(Task prompt): Beginning at the line containing "Fresh Shandong Peaches" in the material below and ending at the line containing "Micro-ondes, four, plaque de cuisson", return each line exactly and add nothing.

(Records shown):
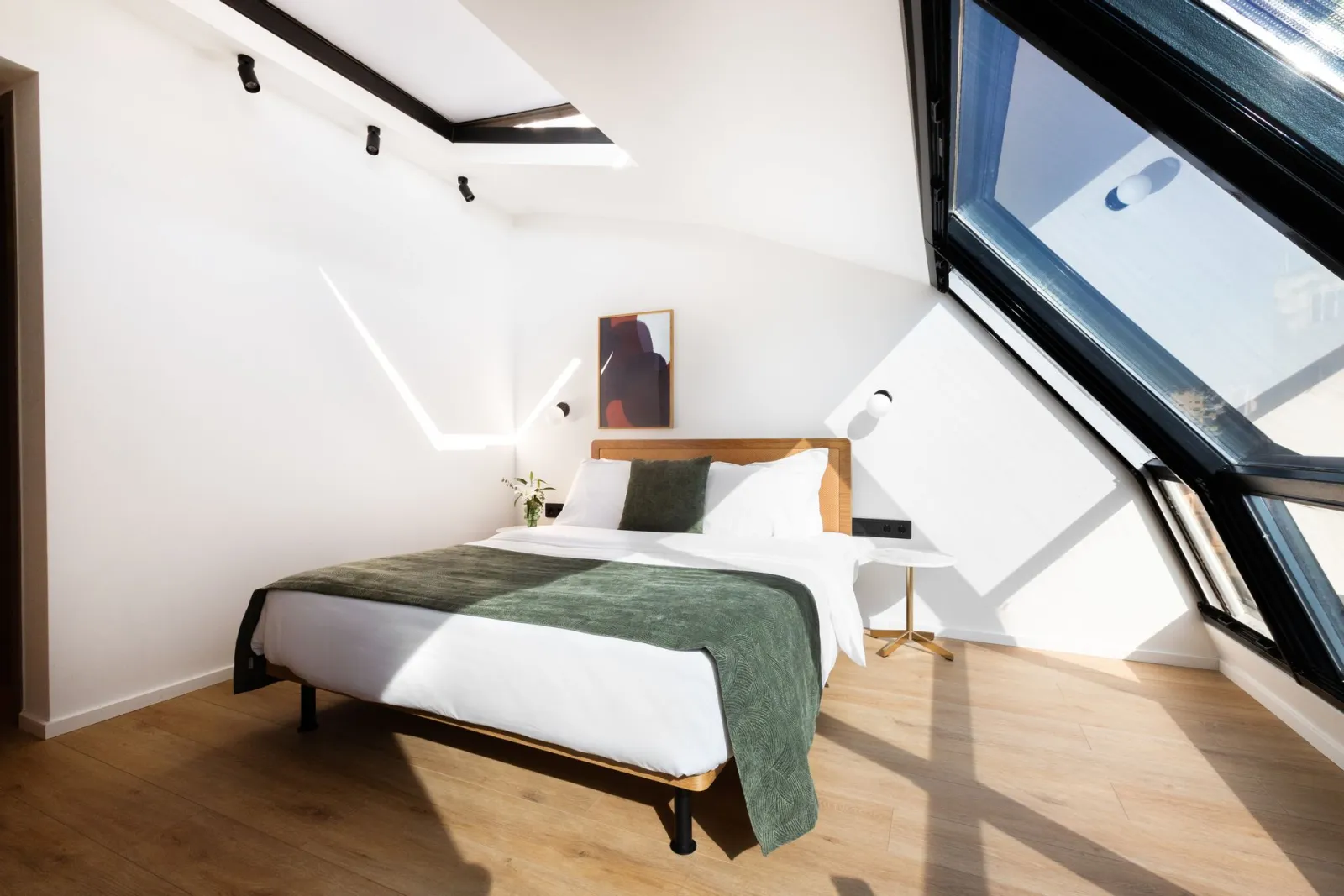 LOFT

...

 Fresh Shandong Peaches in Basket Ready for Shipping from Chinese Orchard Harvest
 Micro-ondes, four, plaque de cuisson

==

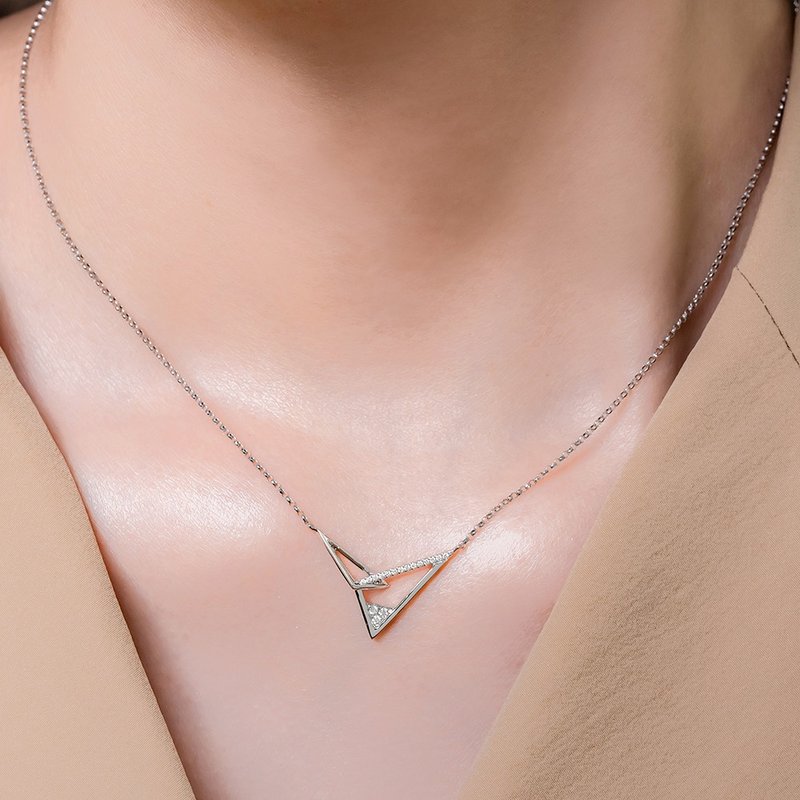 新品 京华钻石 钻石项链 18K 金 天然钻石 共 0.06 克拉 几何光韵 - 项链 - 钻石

(Output for this task):
 Fresh Shandong Peaches in Basket Ready for Shipping from Chinese Orchard Harvest
 Micro-ondes, four, plaque de cuisson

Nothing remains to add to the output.